April 25, 2006

You're in Good Hands

Often our older folk worry about what will become of the church if the next generation doesn’t step up to the plate and start getting more involved. You’ll hear them say, “Who’s going to replace us when we’re gone.” Actually, I think the generation prior to theirs probably said the very same thing about them! Understandably, when we love the church and have labored for her, we want to know we’ve left her in good hands. Biblically speaking however, our responsibility isn’t to find our own replacements. The Apostle Paul says in 1 Cor 3:6-7, “I planted the seed, Apollos watered it, but God made it grow. So neither he who plants nor he who waters is anything, but only God, who makes things grow.” The church is indeed in very Good Hands.

1 comment:

Anonymous said...

Gail,
When I was a child Dad was the janitor at a country school.
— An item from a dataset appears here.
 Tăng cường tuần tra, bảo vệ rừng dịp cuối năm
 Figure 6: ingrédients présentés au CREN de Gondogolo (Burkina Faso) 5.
One of his duties was to service the coal furnace in the evening. He would remove the spent coal from the furnace while it was a bright yellow-orange glowing lump that he called a clincker. I was facinated with those clinckers because they looked like giant donuts (about as big around as a serving platter), yet they were so bright they looked like they were made of glowing fuzz-bunnies. As they began to cool, dark areas would start forming on the outermost points and would then slowly spread until the surface revealed its true rough, cottage-cheesie, bubbly texture. I would watch through the caverns and holes of its structure as the orange glow receded back into the core of the clincker, its more exterior places now taken over by varying shades of brown to black.
Today, whenever I think of the church and its relationship to the Lord and the truth of His Word, I think of those brownish-black clinckers with their cores still glowing through the cavities of their more visible, porous, and dark structures. Often when we engage in good conversation about the church, the necessity will arise to distinguish between the true church and the visible church. The true church is were the heat is. It is where the Lord meets the heart of the humble individual who looks for Him there. That individual maintains contact with others in whom he recognizes the pattern. Together they glow.
Though they are not controlled by man, these individuals do have to form organizational structures that are, if they desire the Lord to benefit most from their collective efforts. And as these structures grow in complexity the glow of the Lord becomes less apparent in their outward visibility than does the darker directing efforts of the men who must inevitably set the courses and ways for the structure to fulfill its goals chosen by them.
We all want to claim that the Lord controls the structure, but He does not directly. He directs the men who, only by their humility, then bring that direction to their decisions concerning the structure.
The degree to which the glowing heat then fills the structure is directly proportional to the humble submission these men have to the Word of God and the Holy Spirit.
Like the clincker, at the heart of the glow, where it is the brightest - maybe not in zeal but certainly in likeness to the Lord - generally you find the older Christians. They are those who have steeled their faithfulness on numerous years of difficulties, battles, and anguish. They have learned the spiritual ropes; they have refined the processes of spiritual life into those pithy phrases that catch you by the heart. And when you give sincere and undivided attention to them, you alsmost invariably walk away feeling like a little bit of the true church has been passed along to you. We all need to collect as much of that church as we can before they pass on to Home.